Case-insensitive file names for Linux have been discussed for a long time. The oldest reference he could find was from 2002, but it has come up at several Linux Storage, Filesystem, and Memory-Management Summits (LSFMM), including in 2016 and in Krisman's presentation this year. It has languished so long without a real solution because the problem has many corner cases and it is "tricky to get it right".
An attendee asked about XFS and its handling of case-insensitive file names. Krisman said that when an XFS filesystem is created, it can be configured to handle them. It is ASCII-only, though a proposal from SGI in 2014 would have added full UTF-8 support for XFS and extended the case-handling to Unicode file names.
The traditional Unix approach is that file names are opaque byte sequences that cannot contain "/" characters. He is proposing to add encoding awareness to filesystems, but, he asked, what are the advantages of doing so? For one thing, Windows and macOS have encoding-aware filesystems; it is a feature that Linux lacks. There are "real world use cases" as well: porting from the Windows world, dealing with the case-insensitive tree that Android exposes, and, in general, providing better support for exported filesystems. Android has a user-space hack for case handling, but it is slow and has many race conditions. An encoding-aware filesystem is a better way to expose this functionality to users, he said.

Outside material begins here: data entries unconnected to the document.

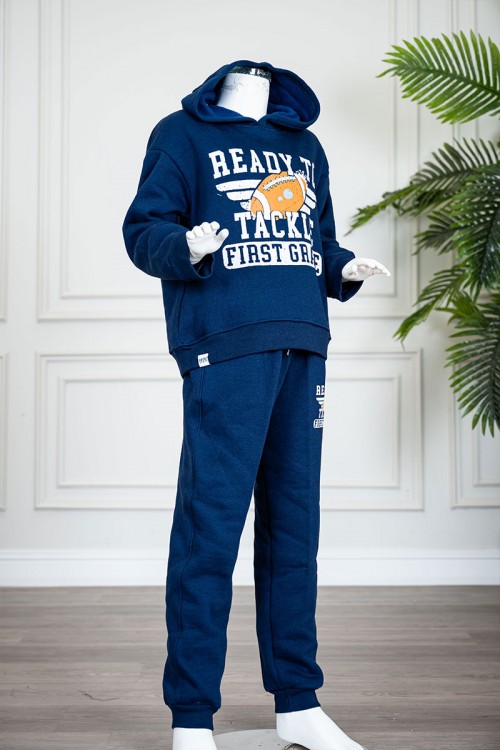 طقم-قطعتين-ولادي-شتوي-لون-كحلي-مزين-بكتابات-و-رسومات-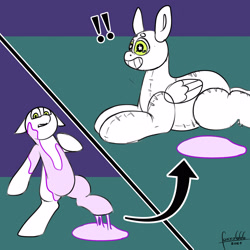 Size: 3000x3000 | Tagged: safe, artist:foxxo666, oc, oc only, inflatable pony, pooltoy pony, comic, commission, exclamation point, floppy ears, forced smile, grin, high res, inanimate tf, inflatable, liquid latex, lying down, pool toy, prone, shocked, smiling, standing, standing on one leg, starry eyes, transformation, wingding eyes, ych example, your character here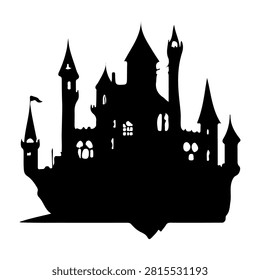 Black silhouette of a whimsical castle featuring multiple spires, towers, and turrets, set against a plain background, evoking fairy tale imagery.
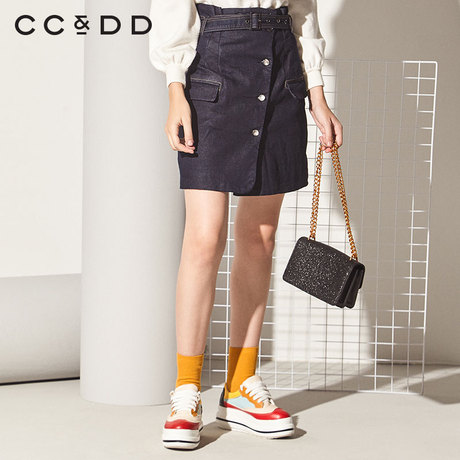 CCDD2018冬装新品专柜正品时尚纽扣高腰气质显瘦短裙牛仔半身裙商品大图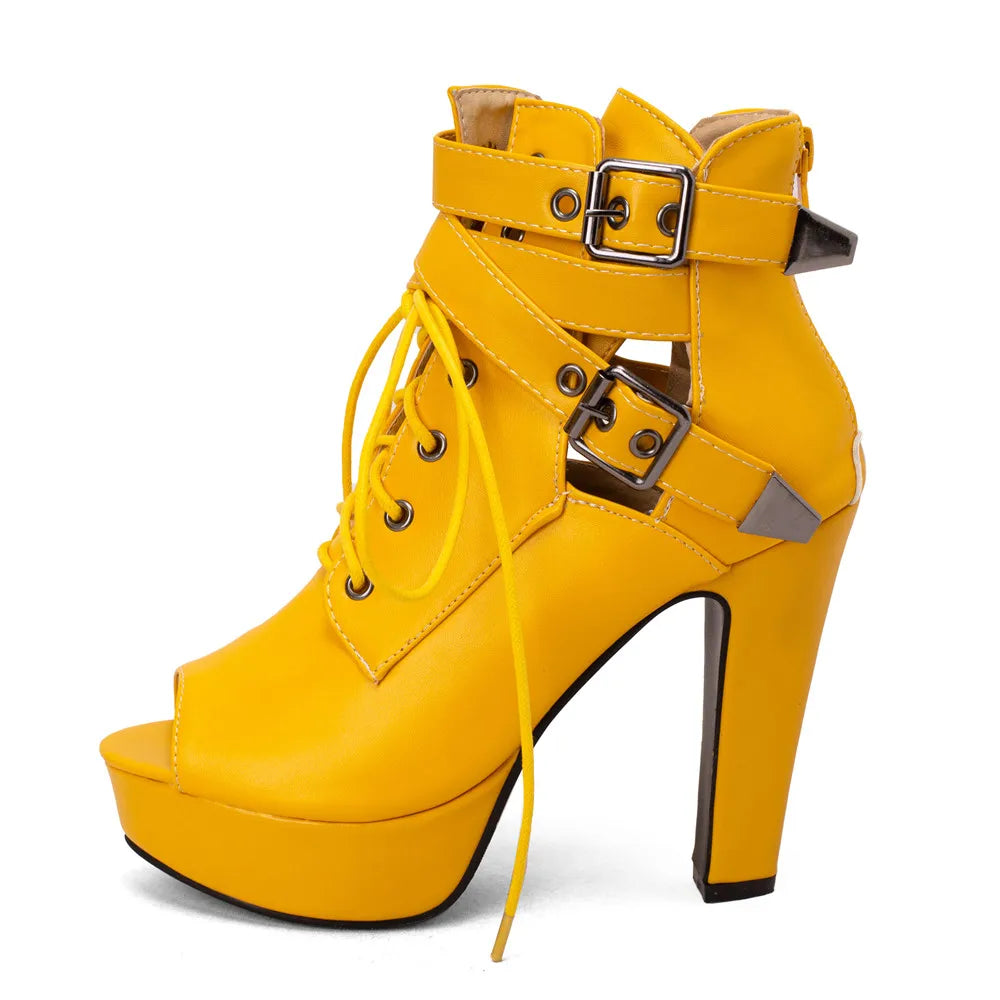 Red Yellow White Women Peep Toe Ankle Boots Platform Lace Up High Heels Female Buckle Autumn Winter Sexy Men Shoes Large Size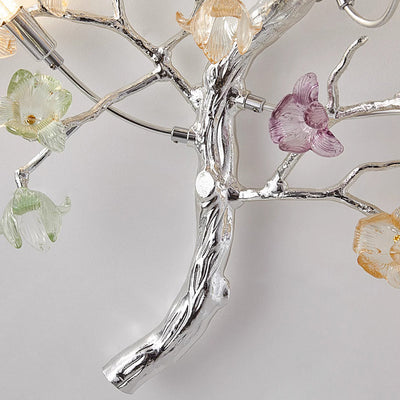 Applique murale à 8 lumières en verre et aluminium avec base en disque rose pour salon, branches modernes et luxueuses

Unicode can represent the "same" string in multiple different ways, via composition for example, but that is confusing. Multiple files with the same-appearing name in a directory, as he showed in his slides [PDF], will be difficult to deal with. That means some kind of normalization will need to be applied. Beyond that, "case" is really only defined in terms of an encoding—it is meaningless for a byte sequence. That is why he implemented encoding awareness before tackling case insensitivity.
The kernel has a Native Language Support (NLS) subsystem but it has multiple limitations. It has trouble dealing with invalid character sequences—in some situations it returns zero, in others something else. It can't deal with multi-byte sequences or code points; for example, to_upper() and to_lower() return a single byte. There is no support for dealing with the evolution of encodings, which is not really a problem for UTF-8 except for unmapped code points—case folding for unmapped points is not stable, he said. In addition, NLS is missing support for normalization and has only partly implemented case folding; the latter is "almost ASCII only".
Start with NLS
So he has been proposing improvements to NLS as part of his encoding and case-insensitive support patch set that has been posted to the ext4 mailing list. It provides a new load_nls_version() function that allows the caller to define the encoding and version that it wants to use. It has a flags argument that allows filesystems to specify the normalization type, case-fold type, and permissiveness mode they want. That version and behavior information would be stored in the superblock of the filesystem.
Krisman's changes would add support for multi-byte characters by adding a new API for comparisons, normalization, and case folding. It will support UTF-8 NFKD normalization that is based on code from the 2014 SGI patch set. It uses a decoding trie and the mechanism is extendable to other normalization types. For example, if support for the Apple filesystem was needed, NFD normalization could be added. The changes he is making are all backward compatible with existing NLS tables and users, Krisman said.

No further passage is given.